-
jonas’
:D
-
mightyBroccoli
I would like to know if there are boundaries on how often, how in generel it is allowed to crawl the extensions website? I build a bot which is able to grab the info header from the each xep extension. But there are no threshholds on how often one could issue a request.

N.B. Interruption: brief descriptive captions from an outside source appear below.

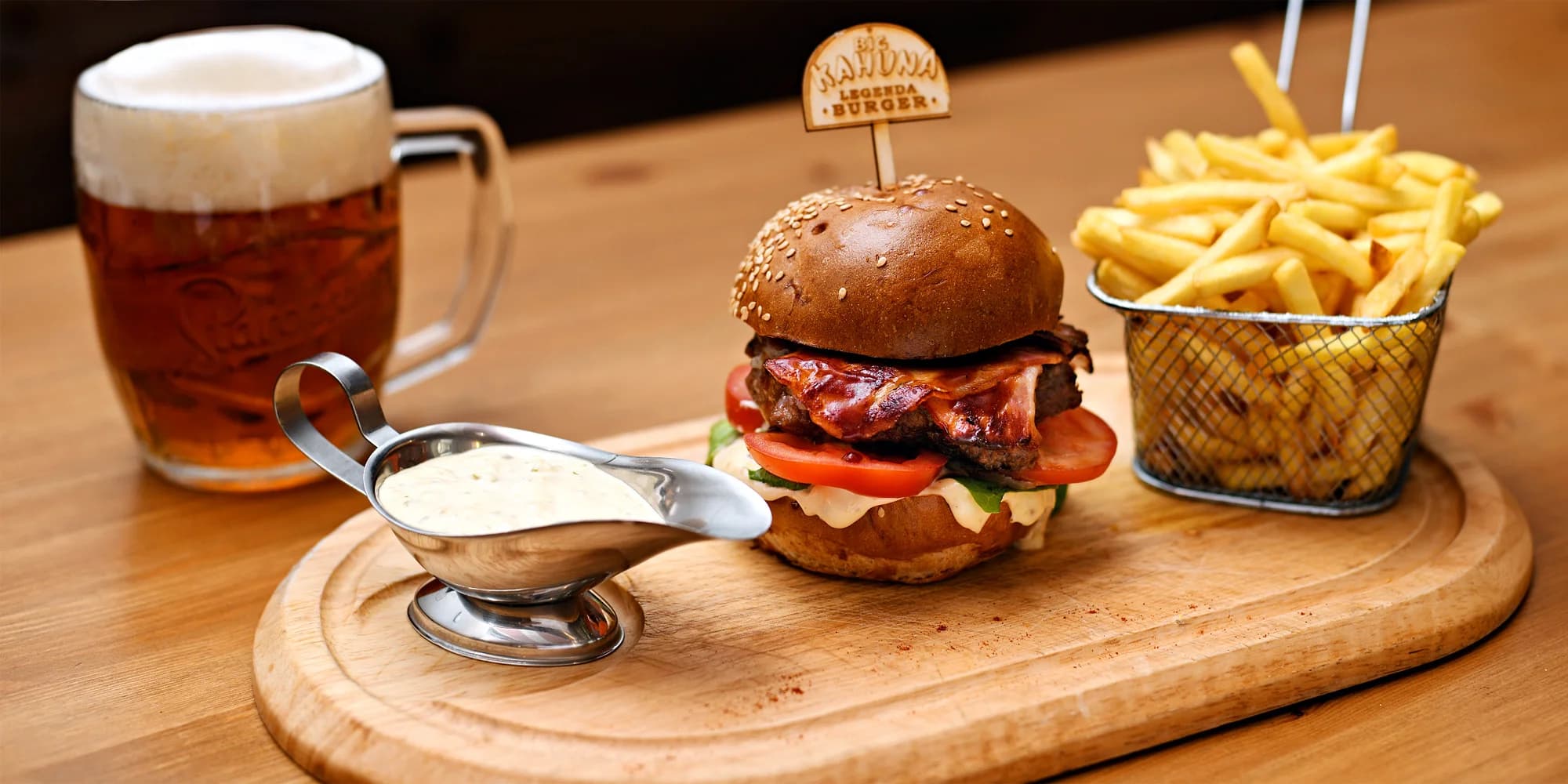 Hovězí nebo vege burger s hranolky a pivem či nealkem pro 1–4 osoby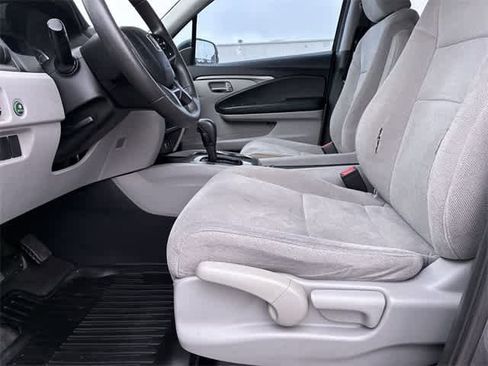 Used 2019 Honda Pilot LX image 18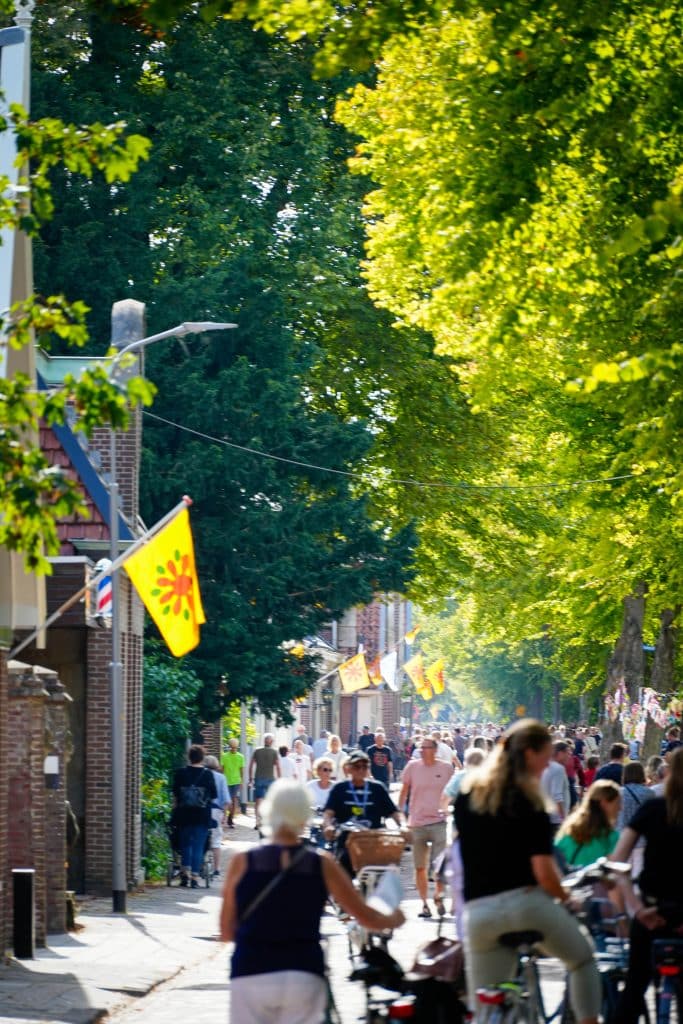 Foto van fietsende en wandelende mensen op de route van de Floralia Nieuw Niedorp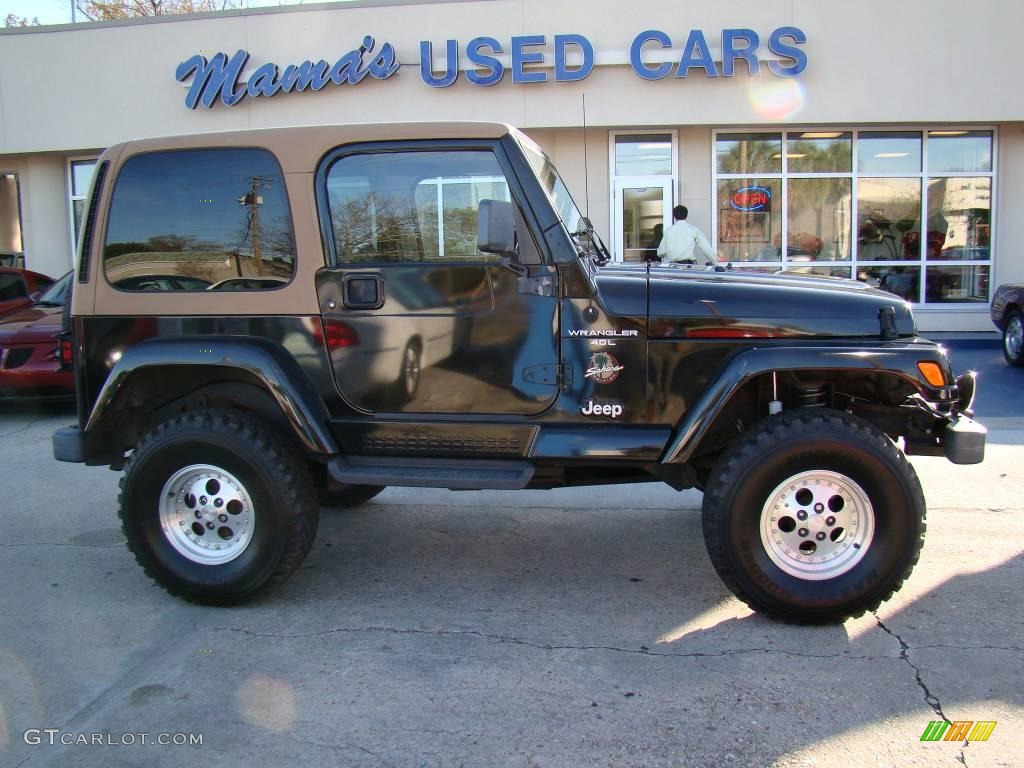 Black Jeep Wrangler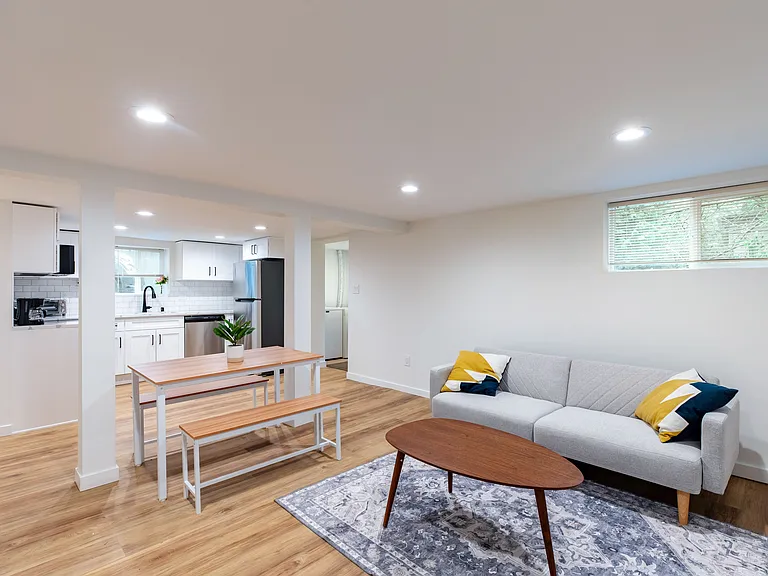 12053 Hiram Pl NE #B — Photo 4
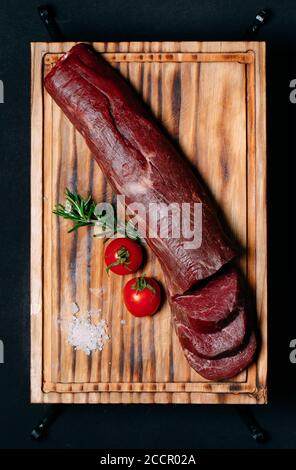 Rohes Filet Fleisch auf schwarzem Hintergrund. Stockfoto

Or maybe if theres a neat api I could use :)
-
Zash
robots.txt ?
-
intosi
Why don't you just use a local git clone for that?
-
Zash
or https://xmpp.org/extensions/xeplist.xml
-
jonas’
mightyBroccoli, if there’s anything more you need which isn’t in xeplist.xml, let me know
-
mightyBroccoli
I wasnt aware of the xml :) thats everything I need :) caching will do the reset :) thats even better then my bs4 garbage :D jonas’ it seems that the xml lists even the deferred xeps, are there some not listed in there?
-
jonas’
mightyBroccoli, the XML lists all the things
-
jonas’
even inbox
-
mightyBroccoli
ahh ok, thats nice. I guess the accepted tag could be used to redact the inbox xeps from the results
-
jonas’
exactly
-
jonas’
mightyBroccoli, use If-Modified-Since
-
jonas’
the webserver supports that
-
Zash
Why not ETag/If-None-Match ?
-
jonas’
or that
-
jonas’
firefox does both and gets 304
-
Zash
Both work exactly the same anyways
-
jonas’
probably
-
jonas’
depends on how the etag is generated
-
Zash
Which means you can use them as supercookies
-
Zash
I made a thing once that used the timestamp of the last request in If-Modified-Since. It doesn't work then.
-
Zash
It has to be exactly what the server sent in whatever header it was.
-
mightyBroccoli
I will try both ideas and use whatever is easiest and working :)
-
vanitasvitae
Hi! Who was running planet.jabber.org again?
-
vanitasvitae
ah found it 😀
-
intosi
Won't need to point you to ralphm then ;)
- ralphm hides
-
vanitasvitae
😀
-
mightyBroccoli
Zash, I am just wondering the xml you posted is actually invalid. XEP 225 talks about <domain> and <hostname> tags which are unescaped.
-
Zash
Who what when?
-
Zash
-ENOCTX
-
mightyBroccoli
It's like 5 messages up 😂
-
Zash
Then it's scrolled out of view and out of mind, flushed away by quitjoins
-
Zash
Also what
-
Zash
I don't see how what you just said has to do with xeplist.xml, if that's what you were talking about
-
Link Mauve
“It does not enable a component to bind multiple hostnames to one stream (as, for example, a client can bind multiple resource identifiers).”, a client can do that?!
-
Link Mauve
Is this the reason why @from exists on sent stanzas?
-
Zash
> <remark>Modified namespace to incorporate namespace versioning; clarified that the value of the <hostname/> element Are you just looking at the Firefox rendering of the XML?
-
mightyBroccoli
ok so the xeplist.xml lists all currently known xeps inbox and accepted. Inside in line 5958 this line is invalid. > Modified namespace to incorporate namespace versioning; clarified that the value of the <hostname/> element can be either <domain> or <domain/resource>. I did requests.get the xml and read it line directly from that no browser involved
-
Zash
$ curl https://xmpp.org/extensions/xeplist.xml | grep -o '.......hostname........' he <hostname/> el
-
Zash
I think you're holding it wrong
-
Zash
Or you're printing the text content, after unescaping.
-
mightyBroccoli
damn i found the error. I need to reply.content.decode to get the correct format :) thank you though :)
-
mightyBroccoli
etag header is way easier then Last-Modified header. I choose etag and it works like a charm :) thanks :)